We identified 11 novel genome-wide significant associations with lifespan and replicated six previously discovered loci. We also replicated long-standing longevity SNPs near APOE, FOXO3, and 5q33.3/EBF1 - albeit with smaller effect sizes in the latter two cases - but found evidence of no association (at effect sizes originally published) with lifespan for more recently published longevity SNPs near IL6, ANKRD20A9P, USP42, and TMTC2. Despite studying over 1 million lives, our standard GWAS only identified 12 variants influencing lifespan at genome-wide significance. This contrasts with height (another highly polygenic trait) where a study of around 250,000 individuals found 423 loci.

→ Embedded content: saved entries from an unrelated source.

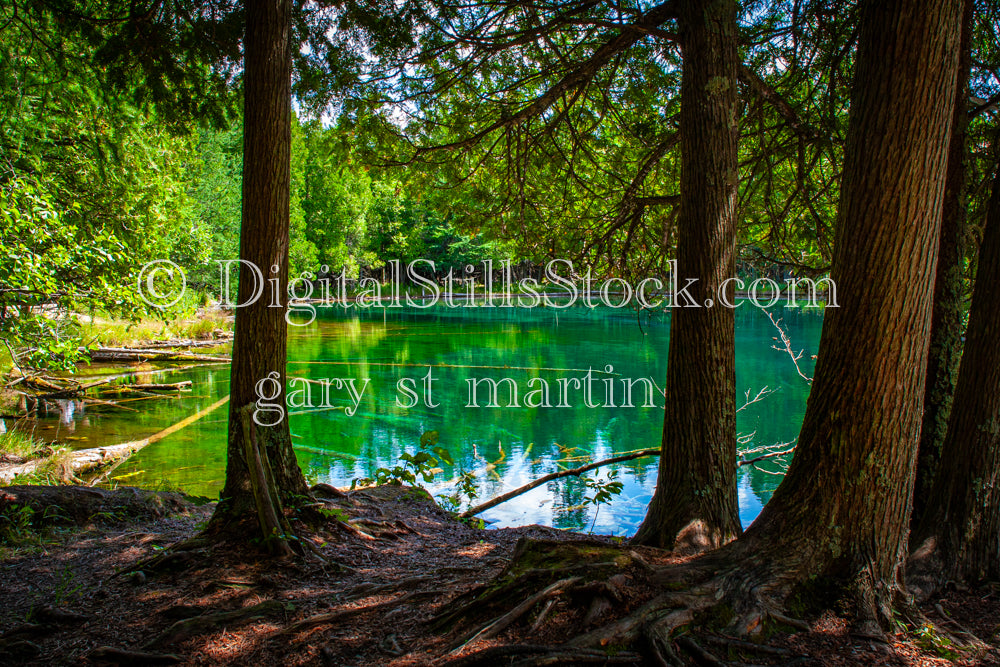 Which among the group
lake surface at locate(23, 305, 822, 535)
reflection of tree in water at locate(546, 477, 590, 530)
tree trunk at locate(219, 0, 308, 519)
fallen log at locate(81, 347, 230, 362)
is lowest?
reflection of tree in water at locate(546, 477, 590, 530)

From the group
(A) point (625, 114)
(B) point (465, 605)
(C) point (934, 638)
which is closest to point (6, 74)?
(A) point (625, 114)

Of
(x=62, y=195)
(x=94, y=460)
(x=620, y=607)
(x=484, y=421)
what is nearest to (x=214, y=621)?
(x=620, y=607)

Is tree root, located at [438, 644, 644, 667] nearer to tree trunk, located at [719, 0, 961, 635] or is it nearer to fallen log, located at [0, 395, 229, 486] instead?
tree trunk, located at [719, 0, 961, 635]

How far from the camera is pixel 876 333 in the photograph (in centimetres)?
263

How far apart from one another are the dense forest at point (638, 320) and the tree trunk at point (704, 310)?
0.06 feet

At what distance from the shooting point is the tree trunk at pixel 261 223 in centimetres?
392

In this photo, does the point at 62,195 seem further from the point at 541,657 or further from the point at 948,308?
the point at 948,308

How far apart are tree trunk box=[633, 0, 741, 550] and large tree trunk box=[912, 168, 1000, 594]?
1114 millimetres

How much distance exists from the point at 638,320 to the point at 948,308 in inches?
76.4

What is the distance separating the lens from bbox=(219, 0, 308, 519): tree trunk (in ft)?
12.9

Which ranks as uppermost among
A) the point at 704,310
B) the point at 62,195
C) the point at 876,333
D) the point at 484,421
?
the point at 62,195

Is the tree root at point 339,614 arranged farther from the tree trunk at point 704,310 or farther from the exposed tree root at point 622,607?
the tree trunk at point 704,310

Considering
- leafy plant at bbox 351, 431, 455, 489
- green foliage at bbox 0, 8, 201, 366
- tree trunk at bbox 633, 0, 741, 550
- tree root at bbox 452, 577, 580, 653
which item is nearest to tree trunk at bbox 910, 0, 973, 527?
tree trunk at bbox 633, 0, 741, 550

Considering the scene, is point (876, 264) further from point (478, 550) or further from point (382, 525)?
point (382, 525) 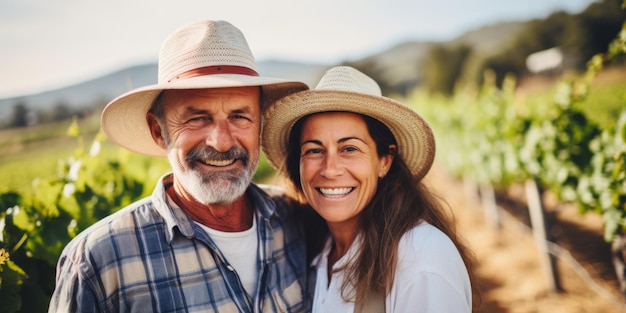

This difference can partly be explained by the much lower heritability of lifespan (0.12 versus 0.8 for height), consistent with evolution having a stronger influence on the total heritability of traits more closely related to fitness and limiting effect sizes. In addition, the use of indirect genotypes reduces the effective sample size to 1/4 for the parent-offspring design. When considering these limitations, we calculate our study was equal in power to a height study of only around 23,224 individuals, were lifespan to have a similar genetic architecture to height. Under this assumption, we would require a sample size of around 10 million parents (or equivalently 445,000 nonagenarian cases, with even more controls) to detect a similar number of loci.
Individual genetic variants that increase dementia, cardiovascular disease, and lung cancer - but not other cancers - explain the most variance in lifespan. We hoped to narrow down the search and discover specific genes that directly influence how quickly people age, beyond diseases. If such genes exist, their effects were too small to be detected in this study. The next step will be to expand the study to include more participants, which will hopefully pinpoint further genomic regions and help disentangle the biology of ageing and disease.